1. Feeling aggrieved and dissatisfied with impugned judgment and order dated 20.07.2021 passed by the High Court of Karnataka in Regular First Appeal No. 100200/2015, by which the High Court has allowed the said appeal preferred by respondent Nos. 3 and 4 herein – original defendant Nos. 3 and 4 (hereinafter referred to as defendant Nos. 3 and 4) and has set aside the judgment and decree passed by the learned Trial Court granting decree for specific performance of agreement to sell dated 12.04.2005, the appellant herein original plaintiff has preferred the present appeal.

2. The facts leading to the present appeal in a nutshell are as under:

2.1 That the appellant herein – original plaintiff filed the suit for specific performance of agreement to sell dated 12.04.2005. It was the case on behalf of the plaintiff that she had entered into an agreement with respondent No. 1 herein original defendant No. 1 to purchase the suit schedule property for a sale consideration of Rs. 29 lakhs. An advance amount of Rs. 20 lakhs was paid under the said agreement. Defendant No. 1 had earlier executed a general power of attorney in favour of respondent No. 2 herein original defendant No. 2. However, defendant No. 2 was present when the plaintiff entered into an agreement to sell with defendant No. 1.
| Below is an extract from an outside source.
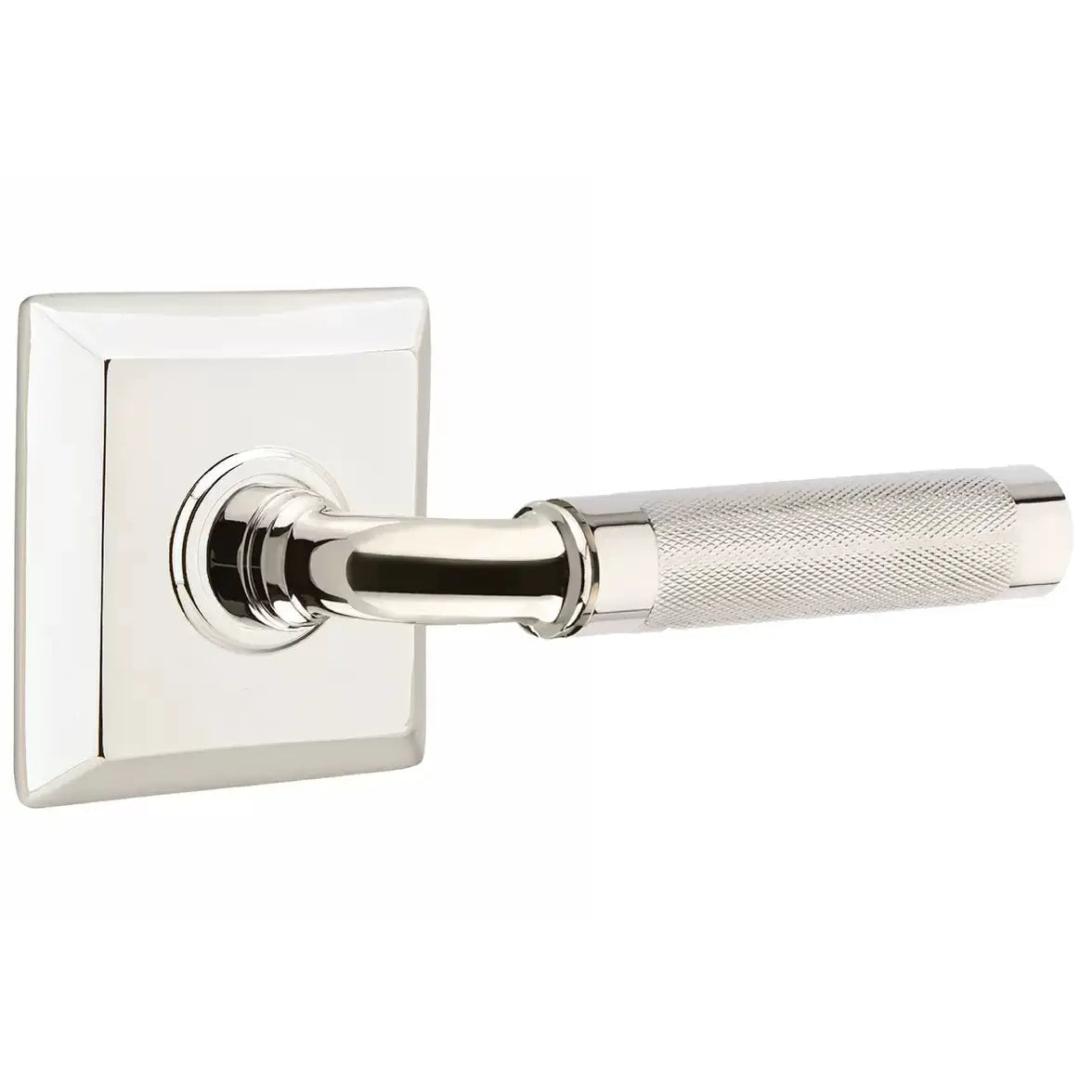 Emtek Knurled Lever with R-Bar Stem and Quincy Rose by Emtek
It was the case on behalf of the plaintiff that thereafter, on 25.03.2008, defendant Nos. 1 and 2 approached the plaintiff and her husband and sought payment of Rs. 6 lakhs. On 25.03.2008, the plaintiff made further payment of Rs. 6 lakhs towards sale consideration and an endorsement was made by defendant No. 1 on the agreement, acknowledging the receipt of Rs. 6 lakhs. According to the plaintiff, thereafter, despite repeated requests and demands, defendant No. 1 did not execute the sale deed in favour of the plaintiff.

They learnt that defendant No. 2 by misusing the power of attorney executed by defendant No. 1 in favour of defendant No. 2, clandestinely executed two sale deeds in favour of defendant Nos. 3 and 4 only to defraud the plaintiff. The plaintiff got served a legal notice to the defendants on 17.06.2010 calling upon defendant No. 1 to execute the sale deed in her favour by receiving balance sale consideration of Rs. 3 lakhs. Further, thereafter defendant No. 1 did not execute the sale deed, the plaintiff filed the present suit for specific performance of the contract/agreement to sell dated 12.04.2005.
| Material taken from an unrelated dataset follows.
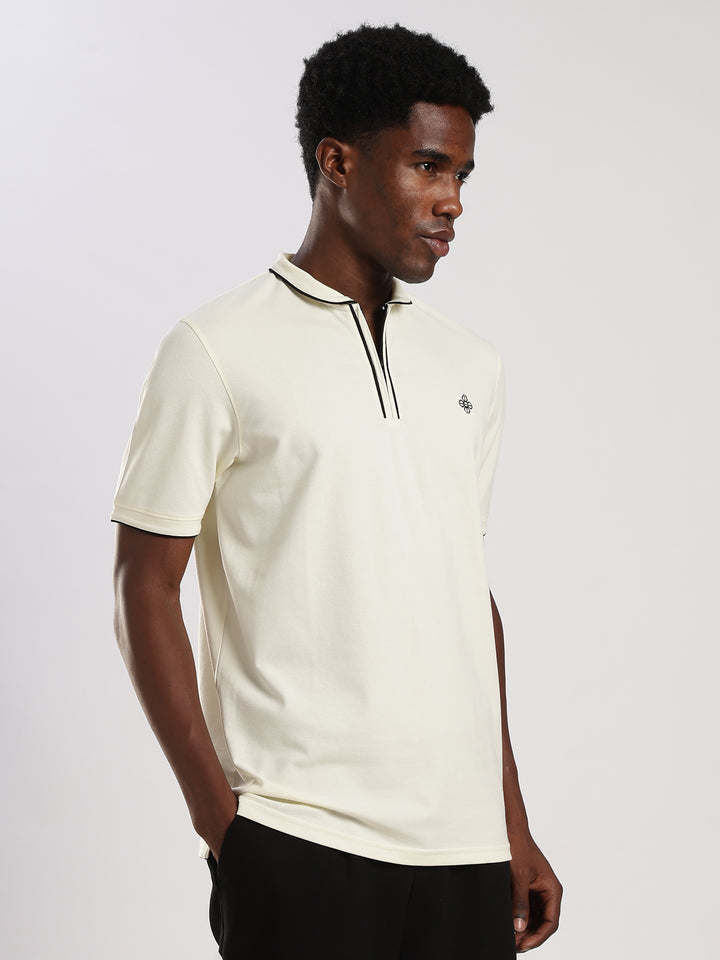Off white Solid  Half Sleeve Polo T-Shirt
2.2 That original defendant No. 1 filed written statement and admitted the execution of agreement to sell and specifically stated that she is ready and willing to perform her part of contract. However, defendant Nos. 2 to 4 filed separate written statements and took a common defence that agreement to sell dated 12.04.2005 is a created document. It was contended that power of attorney executed by defendant No. 1 in favour of defendant No. 2 is a registered document and without cancelling the registered power of attorney and without the knowledge of defendant No. 2, defendant No. 1 in collusion with the plaintiff had created the agreement to sell. It was also contended by defendant Nos. 2 to 4 that agreement to sell dated 12.04.2005 is a bogus document and no sale consideration is paid by the plaintiff.

2.3 The learned Trial Court framed the following issues:

” i) Whether the plaintiff proves that on 12.4.2005 defendant No. 1 has executed an agreement of sale agreeing to sell the suit property for a total consideration of Rs. 29 lakhs?
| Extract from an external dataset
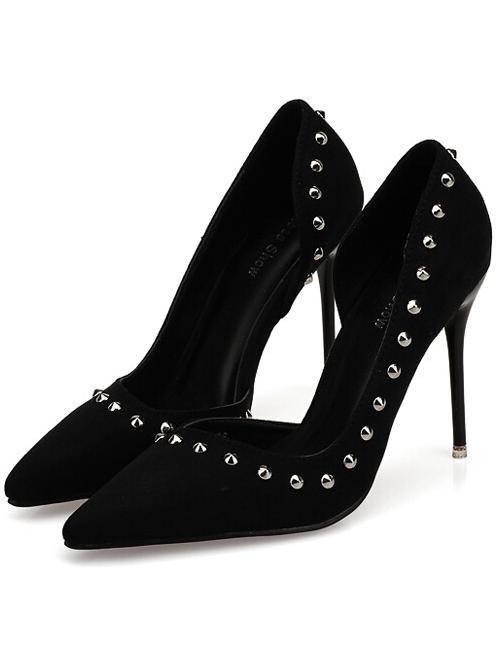 Romwe Black Point Toe Rivet Cutout High Heeled Pumps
ii) Whether the plaintiff proves that part sale consideration of Rs. 26 lakhs has been paid to the defendant No. 1?

iii) Whether the plaintiff proves that she was always ready and willing to perform her part of duty towards the contract?

iv) Whether the plaintiff further proves that with malafide intention and to defeat her right accrued through the sale agreement dated 12.4.2005 defendant No. 2 had executed sale deeds dated 3.5.2010 in favour of defendant No. 3 and 4 and those sale deeds are nominal sale deeds?

v) Whether the defendant No. 2 to 4 prove that sale agreement dated 12.4.2005 is a created document and by virtue of the same no consideration had been passed?

vi) Whether the plaintiff is entitled for a decree of specific performance of contract? vii) What order or decree?”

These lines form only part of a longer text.